25.6 C
Medan
Thursday, May 16, 2024

Pimpinan pun Diperiksa saat Masuk Pintu Utama

Setahun pascaricuhnya Lapas Tanjunggusta, (12/7/2013) yang menjadi sorotan media nasional hingga internasional, sisa-sisa kenangan itu masih terasa.  Beberaba bangunan hilang dari fungsinya. Kantor utamanya, ruang besuk dan polikliniknya masih dibiarkan kosong, tak lagi dihuni.

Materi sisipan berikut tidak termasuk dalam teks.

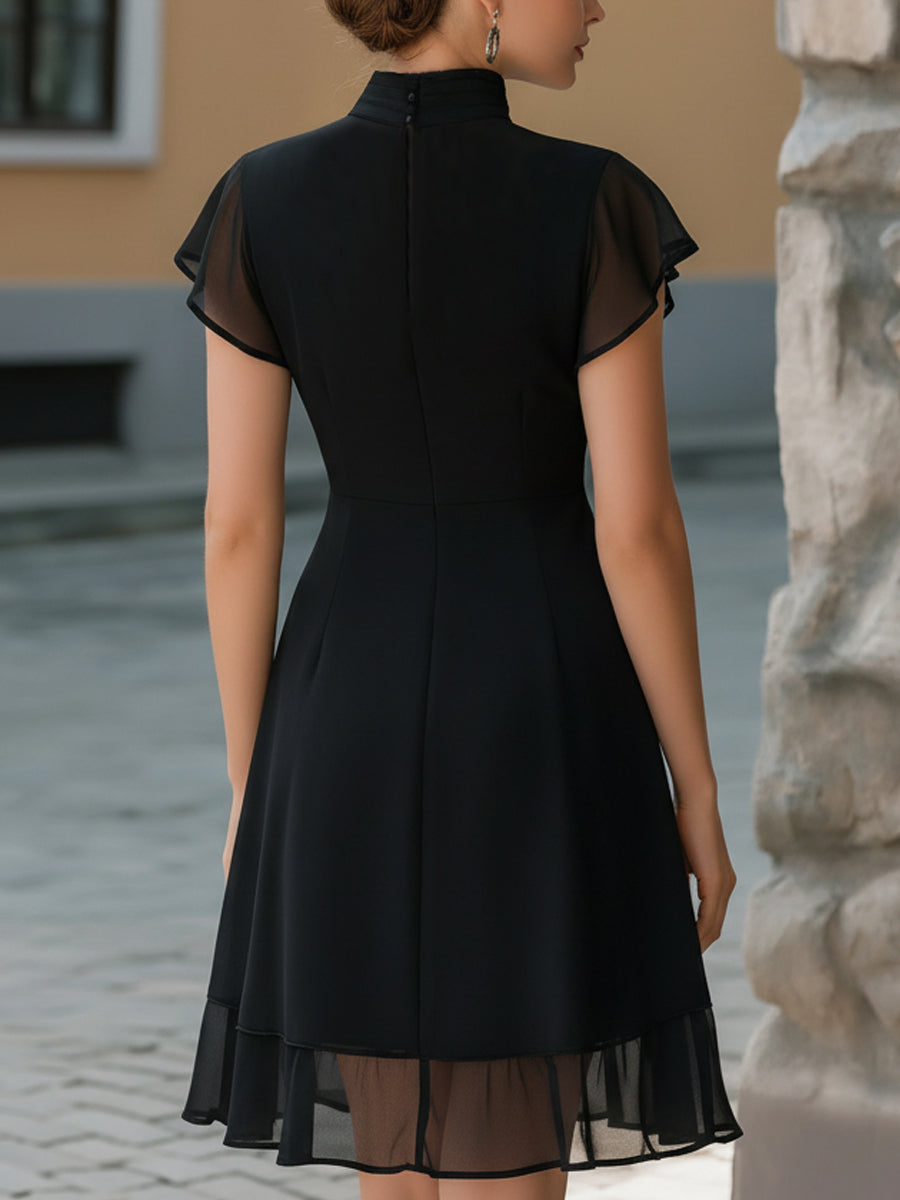 Rochie A-line cu guler mandarin din șifon și volane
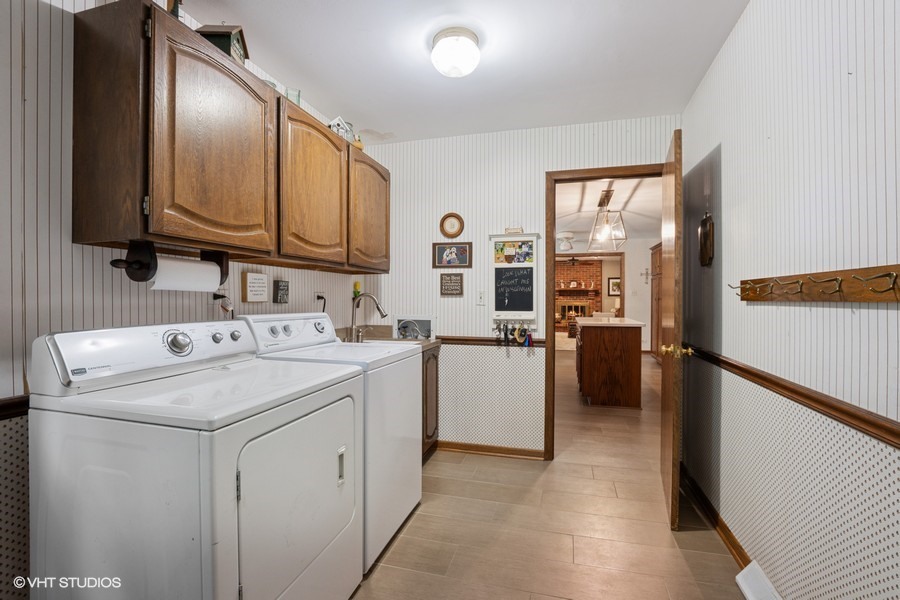 12646 S 69th Court, Palos Heights, IL 60463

Puput Julianti Damanik, Medan

Kepala Lembaga Pemasyarakat (Lapas) Tanjunggusta, Lilik Sujandi berencana akan akan membangun ruang besok lebih modern.
Selain memperbaiki fasilitas, diadakan pula traetment bagi seluruh pegawainya untuk membalikkan motivasi, membalikkan kembali komitmennya. Selain itu, pendidikan moral yang difasilitasi olah sebuah lembaga juga rutin dilakukan.

“Ini jadi pilar utama bagaiamana menumbuhkan sikap interaksi yang baik antara petugas dan napi, petugas tidak bekerja berdasarkan kekuasaan tapi bekerja karena memang tugasnya. Napi juga mengembangkan sikap penghormatan terhadap petugas,” ujar Lilik Sujandi.

Khusus pegawai, dijelaskan Lilik, berbagai upaya yang dilakukan di antaranya melakukan pelatihan dan apel bersama. Di situlah dilaksanakan satu dinamika kelompok untuk membangun kekompakan, kebersamaan, dan komitmen. “Salah satu outputnya, semua petugas termaksud pimpinan akan diperiksa saat memasuki pintu utama. Ini ingin memastikan bahwa tidak ada petugas yang terlibat dalam peredaran narkoba, keterlibatan dalam judi dan pungutan liar,” ujarnya.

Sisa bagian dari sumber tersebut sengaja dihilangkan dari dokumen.